I once worked with an organization that conducted CAB meetings twice a week from a large conference room. There were a number of attendees in the room, as well as a number of attendees that joined via conference call. The change manager diligently read aloud the title of each RfC on the agenda, followed by asking “any concerns?” Rarely, if ever, were there any “concerns” and the request was “rubberstamped.” Even more concerning, nearly everyone in the conference room was doing something else – checking email, texting, talking with their neighbor. I can only imagine what was happening on the other end of the conference call. What value did the CAB meeting provide? (By the way, this organization had a high change failure rate. Go figure.)
Want to know the reason why your CAB doesn’t work? Poor process design and a lack of management support.
Want to fix that?
Here’s how:
- Define a change authorization model
- Right-size your RfCs
Introducing the Change Authorization Model
Does your current change management process define the authorization model? What? You’ve not heard of the authorization model? Go have a look – it’s discussed in the ITIL® Service Transition book on page 78. (I will wait.)
The authorization model defines who authorizes or approves what type of changes. The level at which change is authorized “rests where accountability for accepting risk and remediation exists.”[1]
Change management should not be a ‘throw it over the wall to IT and wait for something to happen (and complain when it doesn’t)’ scenario. Implementing a change is a business decision – and identifying and enabling the right people to make good decisions is critical. The change authorization model is a way to ensure that the right people can make good decisions.
Defining the change authority requires a formal definition of RfC evaluation criteria. Criteria such as cost, resource requirements, risk, scope, cost of delay, and other factors should be identified and defined as part of the criteria. Again, this is not a decision for IT alone – this is a business decision, so business colleagues must be involved in defining evaluation criteria.
Once the change authorization model is defined, everyone in the organization can understand not only how an RfC will be evaluated, but also who will be providing authorization. When an RfC meets the defined evaluation criteria for a specified level, then those individuals identified as being accountable for that level attend the CAB meeting that reviews that RfC. Defining the change authority also resolves a long-standing question for many change managers – ‘what business colleagues should be involved?’ The change authority helps answer that question.
Right-Size Your RfCs
So, how do you stop sending every flipping RfC to the CAB?
Simple. Stop sending every RfC to the CAB. Start sending only the right RfCs to the CAB.
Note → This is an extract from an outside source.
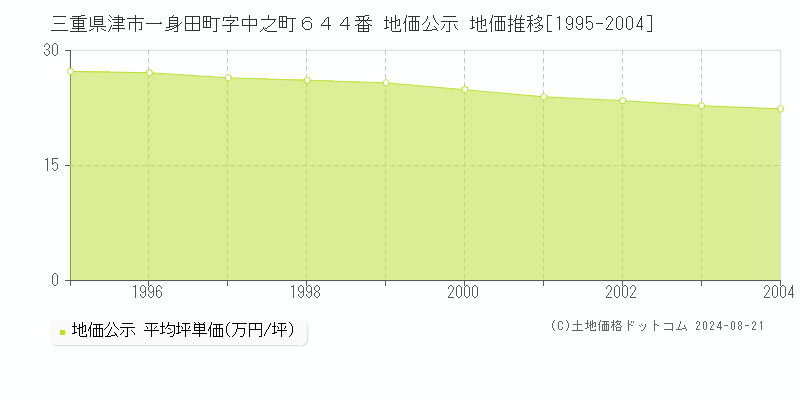 三重県津市一身田町字中之町６４４番 公示地価 地価推移[1995-2004]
I’ve long thought that the overarching goals for change management are to move the authority for change implementation as close as possible to those doing the work, while at the same time, maintain an appropriate degree of governance of changes.
By limiting the scope of an RfC to the minimally viable unit of work improves the manageability of the RfC – it becomes easier to design, build, test, and implement a change – because there is less to do. Because there is less to do, limiting the scope of the RfC also reduces the amount of risk associated with change.
If the scope is smaller and risk is minimal (and you’ve defined the change authorization model appropriately), the RfC will meet the defined evaluation criteria for a lower level of the change authority – ideally, those that are doing the work.
Stop Sending All RfCs to the CAB
Designing and implementing the two improvements I just explained to your change management process not only improves the responsiveness of the process, but it also helps position a CAB for success.
Here are a few other things to do to further improve your change management process and get the best value of a CAB:
- Define change models. Many changes are routine and are implemented frequently. Defining and using change models not only ensures execution consistency, but it’s a first step toward change automation.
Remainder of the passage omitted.